How risks are being managed. To include recovery plans, positioning for other crisis, working remote, lack of travel, reliance on conference tools, home bandwidth considerations, software licensing, and capabilities needed to strengthen defenses.

What are your next one or two must-do priorities, especially given how much things are changing today?

Most difficult challenges are understanding the priorities for the here and now that align to opportunities in the future.

Currently organizations are firefighting as long-term projects have been put on hold and organizations have to focus on availability. What needs to happen is to understand if all these things align in the long term so we ensure there isn’t a lack of focus. Leaders should be looking ahead for any and all opportunities.

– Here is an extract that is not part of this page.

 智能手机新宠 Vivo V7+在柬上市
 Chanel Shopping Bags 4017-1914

In the current environment of the maturity curve of strategic goals, where is the group in terms of ability to pivot with new challenges you see, and what efforts are being made as you assess IT needs to ensure organization is fully supported moving forward?

Specifically, within the security space, it’s all about adaptability, moving with planned/unplanned environmental changes. Threats evolve on an hourly basis with more phishing attacks, especially those that are COVID-19 related because the bad guy knows people are at home and may be more susceptible to varying attacks

Looking at that current situational context, being able to understand it, and cultivating security awareness within the team to meet foreseeable demands.

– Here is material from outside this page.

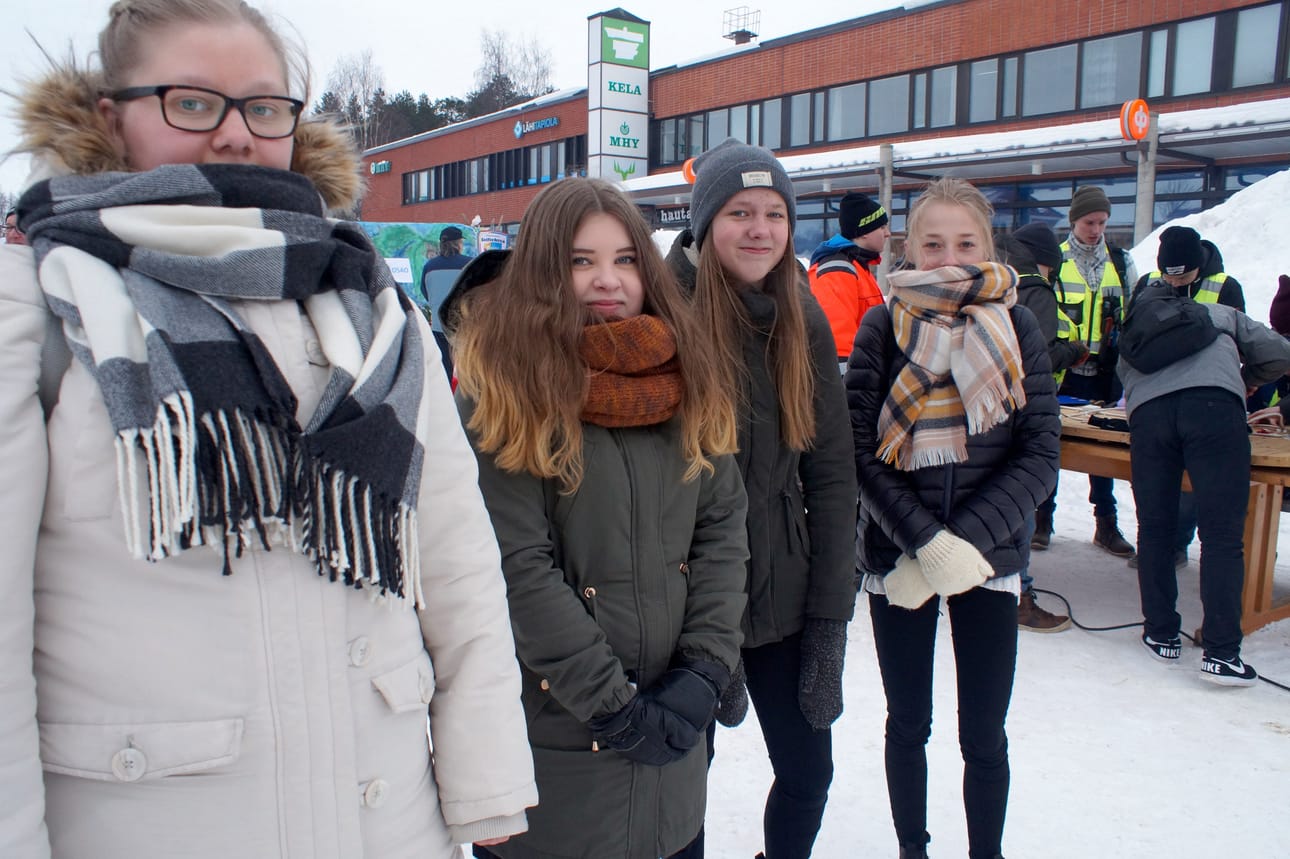 Mette-Marjut Luokkanen (vasemmalla), Elice Haataja, Kiia Kesti ja Jutta-Riina Ruuskanen ovat jo jatko-opintojensa suunnat valinneet.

How? Engagement with Executive team, boards, vendors and trusted partners. You want to be able to leverage full capacity of those relationships and relay that to your executive leadership ensuring it is clear that you are not looking to spend just for today, but to leverage investments already made.

If you had a piece of advice for other leaders facing similar challenges, what would it be?

At the Executive level it is all about relationship management with partners and peers within the business, across IT and with vendors. To ensure exposure to different clientele and vendors to discuss what works and get assistance on where they should go for the future, how to plan accordingly and pivot in the right directions for long term success despite current challenges.

How are you establishing relationships when you can’t be face-to-face?

Daily Newsletter: Providing clear transparency to current state of environment, healthcare landscape across markets you serve, new technologies and opportunities to be more social (virtual meetings, hangouts with teammates, providing additional models to collaborate etc.)

Maintain important connections with employees: With the blurring of lines between home and work, focus on employee/teammate well-being.